The new industry patrons took a more thoughtful approach to the business, incorporating bike-sharing into their growing ecosystems, reconsidering the pricing strategies and, most importantly, the purpose of cramming the streets with flocks of two-wheelers.
“If an industry has very limited profit-making channels, even those who can survive may not be able to operate independently. Individual platforms have to merge in order to build an ecosystem that can expand their profits,” said Professor Timon Du of the Chinese University of Hong Kong (CUHK) Business School.
Bike-sharing’s profit-making channels were extremely limited. Per-ride charges were not doing much for the companies’ bank statements, given the costs of producing millions of bikes and the discounted ride fairs. ofo tried to tackle the problem by leasing their bikes to advertisers, but it did not help unfortunately.
In order to make bike-sharing worthwhile Meituan, Didi and Alibaba doubled the prices from 0.5 to 1 yuan per 15 min and are now cutting down the supply to make sure that each bike runs through enough rides a day to pay for itself in the mid-term perspective.
Apart from that the new vertical dominators have more sophisticated agendas. For the Hong-Kong-listed Meituan-Dianping, Mobike is an important element of the local ecosystem. For a company whose main business hinges on recommendations and delivery, knowing where their users go is vital. Besides, last October the company started a new unit for “location-based services” that include ride-hailing, biking, autonomous driving and other transportation means. The data collected through these operations could allow them to track users’ movements to provide them with more accurate and enticing automated suggestions.
For Didi, bicycles solving the “last-mile” problem are part of a clear attempt to dominate China’s mobility industry and become the all-in-one solution for multimodal transportation. The company already dominates China’s ride-hailing market and excels in autonomous driving. Now it’s aspiring to own the short-distance travel segment, too.
Finally, Alibaba’s bet on Hellobike is in unison with the firm’s efforts to make Alipay the country’s number one digital payment service. As a high-frequency product, bicycles can attract new users and traffic to Alipay (hence the accent on lower tier cities with more room for growth), while also supplying the app’s Sesame Credit service with new usage scenarios, allowing it to more precisely assess users’ credibility.
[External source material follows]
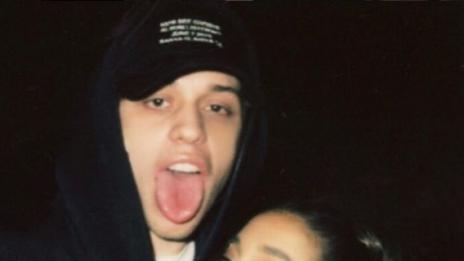 Ариана посвети 6-та татуировка на годеника си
The bike-sharing industry has been on a roller-coaster ride for the past several years, but is now showing inconspicuous signs of finally coming into its own at the hands of bigger and more experienced backers. Meituan, Didi and Alibaba learned from their predecessors’ mistakes and proved to be shrewder and more farseeing in their strategies. It is still unclear if the bikes will pay off their production costs through rides alone. However, there is hope that the companies’ focus on ecosystem building will make them worth the investment.